Habría que añadir a estas tendencias un argumento más: el apego a lo local y cercano, al espacio que habitamos y transitamos, no se destruye por la globalización, sino que, por el contario, se ve fortalecido en todos los estratos sociales. En el caso de las élites, el espacio citadino sigue siendo importante porque –al decir de Castells (2001)– es lo que ofrece las mayores posibilidades para el realce personal, para mostrar el consumo conspicuo y la posición social, para mandar a los hijos a la escuela apropiada, visitar el museo, el desfile de modas, entre otros. Mientras que para los demás, el barrio, el parque y la plaza se mantienen como los espacios asequibles en un mundo que se les está escapando de las manos gracias a las fuerzas globales que ahora controlan y dominan sus destinos.
Como consecuencia, coexisten dos procesos en pugna en Lima, así como en otras ciudades del mundo posmoderno:
• Un primer proceso que impulsa el debilitamiento o abandono del espacio público y tiende a acercarnos a una ciudad más privatizada, fragmentada y excluyente. Está constituido por fuerzas que contribuyen a la paulatina desaparición de los pocos lugares de encuentro entre los diferentes. Se puede sintetizar estas fuerzas en tres: (a) el temor al otro y la inseguridad, expresados en la «agorafobia»; (b) la motorización de las ciudades, que atenta contra la construcción de lugares vecinales y locales; y (c) el dominio y la preferencia por lo «privado» en las ideas hegemónicas de la actualidad (el liberalismo).

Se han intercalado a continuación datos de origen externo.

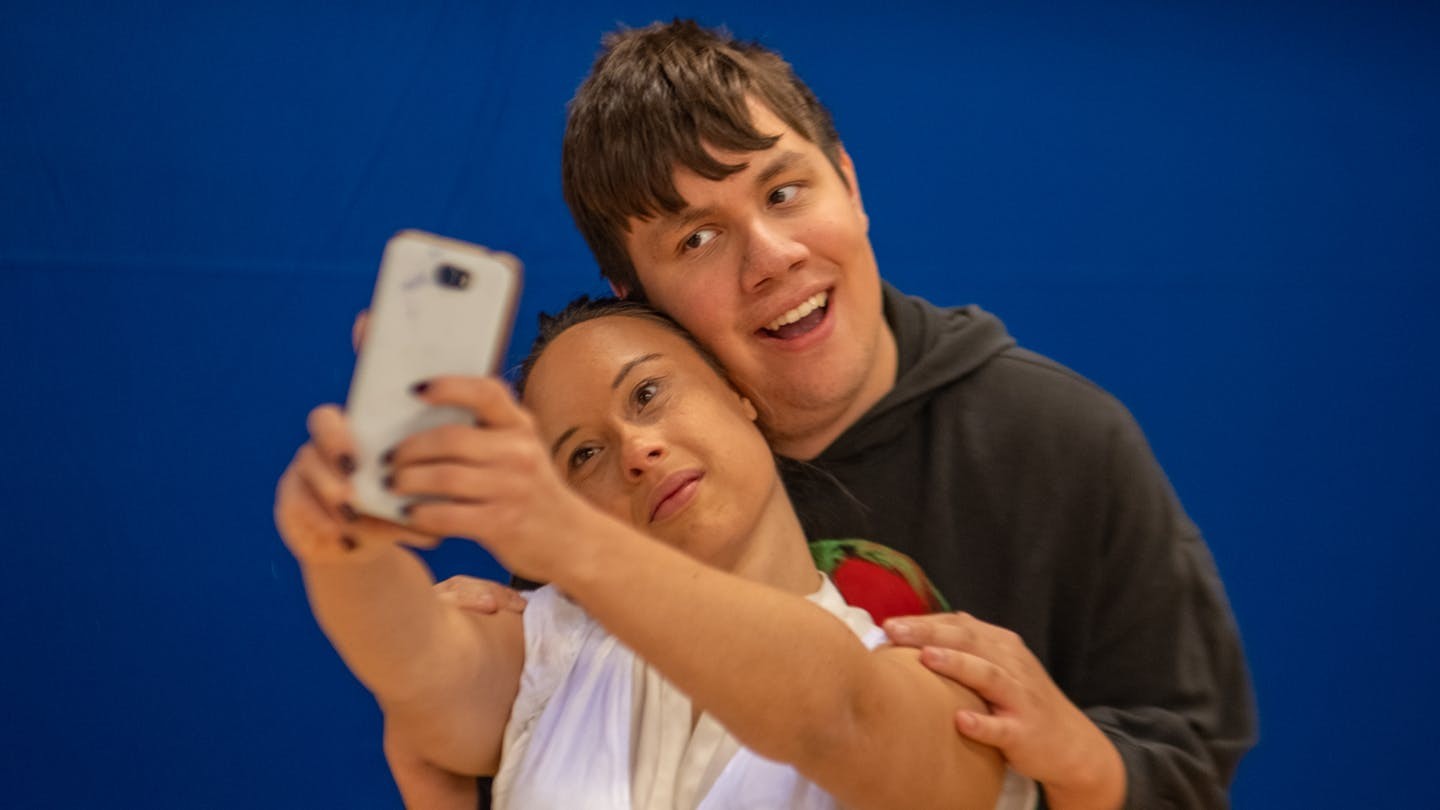 Gallery image for "Hysj!" - en tilrettelagt forestilling om kropp, kjærlighet og grenser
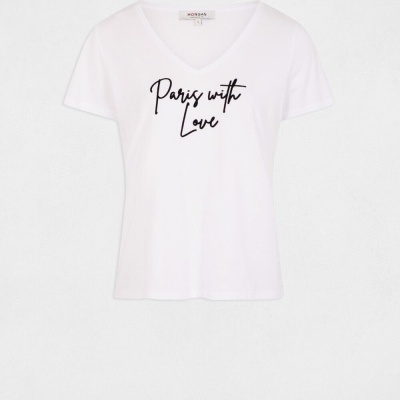 Camiseta branca com texto preto Paris with Love
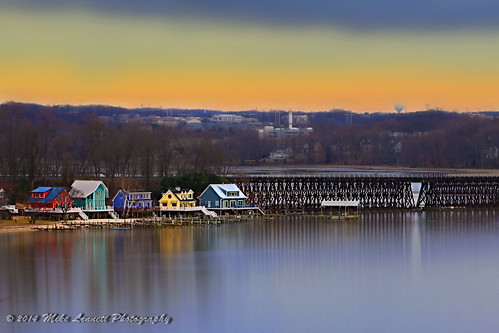 railroad bridge houses color reflection river virginia potomac woodbridge boaters mikelennett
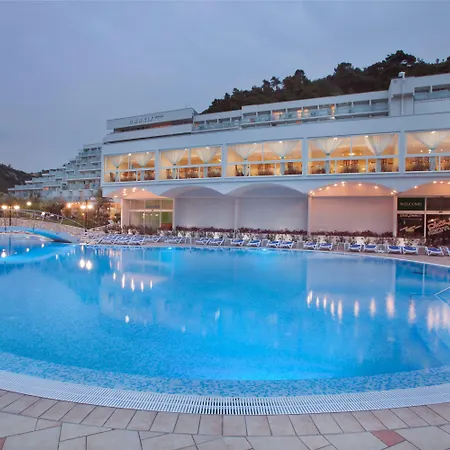 Maslinica Narcis Hotell 4*
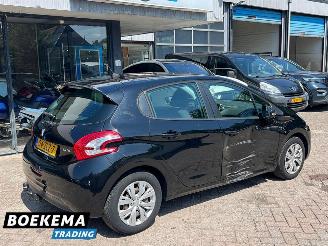 Peugeot 208 1.2 VTi Access Navi Cruise-Control Parkeersensoren Clima picture 2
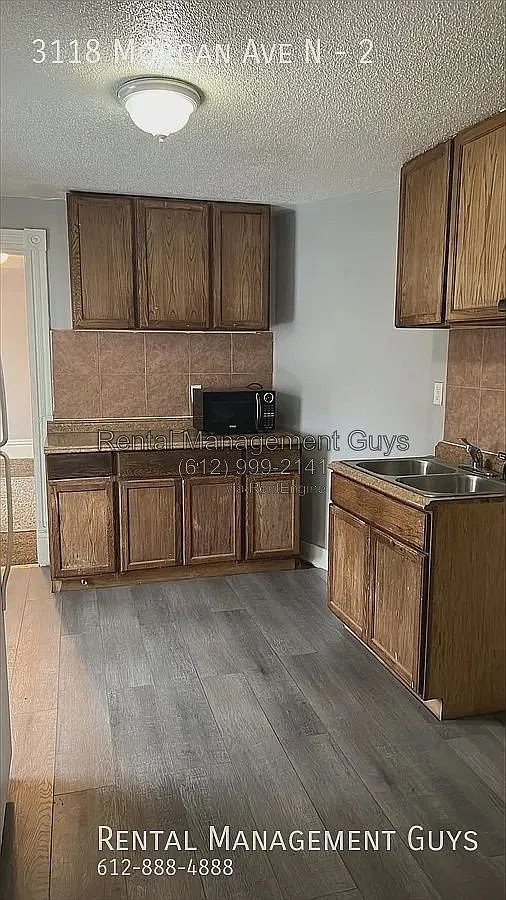 3 bed, 1.0 bath, $1,800 — Photo 2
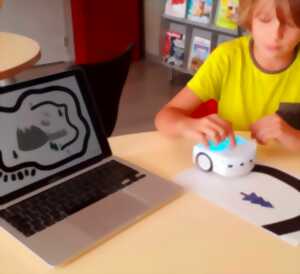 Atelier robotique et programmation à la Maison du Père Castor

• Un segundo proceso que, por el contrario, se caracteriza por la conquista y apropiación del espacio por parte de diversos grupos de habitantes de la ciudad, en el intento de construir lugares, sean de recreación, actividad física, área verde, entre otros. Este segundo proceso es difuso, no obstante, y aún no constituye un sentimiento arraigado y de clara evolución.